Das nationale E-Rechnungssystem (KSeF) wird ab 2026 in Phasen eingeführt. Erfahren Sie die genauen Fristen, welche Unternehmen davon betroffen sind, Übergangsfristen für kleine Steuerzahler und Strafen bei Nichtbeachtung.
Implementierungszeitplan für KSeF: Drei Phasen
Die E-Rechnungspflicht im nationalen System (KSeF) gilt nicht für alle Unternehmen gleichzeitig. Das Finanzministerium hat einen Implementierungsplan in drei Phasen vorbereitet, um Unternehmen Zeit zur Anpassung an neue Anforderungen zu geben.

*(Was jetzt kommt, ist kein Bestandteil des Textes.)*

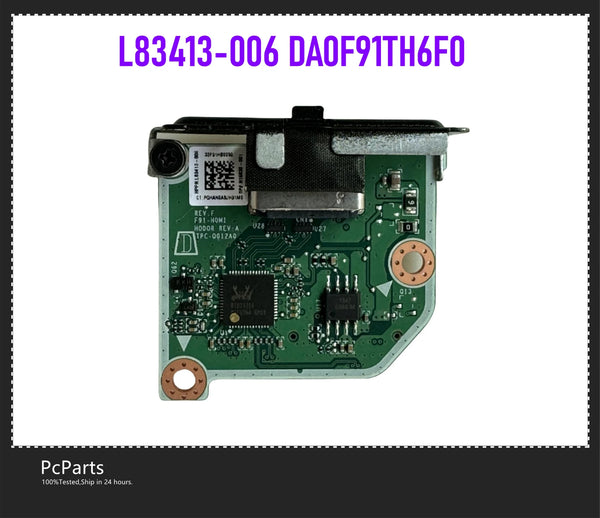 StoneTaskin Brand New Original PCparts L83413-006 DA0F91TH6F0 For HP 400 405 800 G6 G7 G8 G9 DM SF HDMI Option Card Module TPC-Q012AO HODOR2 HDMI Board 100% Tested Free Shipping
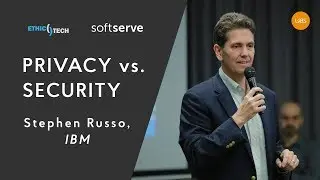 Stephen Russo. PRIVACY vs. SECURITY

Dieser schrittweise Ansatz soll Störungen in der Geschäftstätigkeit minimieren und es Unternehmen ermöglichen, sich technisch und organisatorisch auf die neuen Anforderungen vorzubereiten.
Phase I: Ab 1. Februar 2026 — Große Unternehmen (Umsatz > 200 Mio. PLN)
Die erste Phase der KSeF-Pflicht beginnt am 1. Februar 2026 und betrifft die größten Steuerzahler.
Welche Unternehmen unterliegen ab 1. Februar der Pflicht?
Die KSeF-Pflicht ab 1. Februar 2026 gilt für Mehrwertsteuerpflichtige, deren Gesamtumsatz brutto (einschließlich Mehrwertsteuer) im Jahr 2024 200 Millionen PLN überschritten hat.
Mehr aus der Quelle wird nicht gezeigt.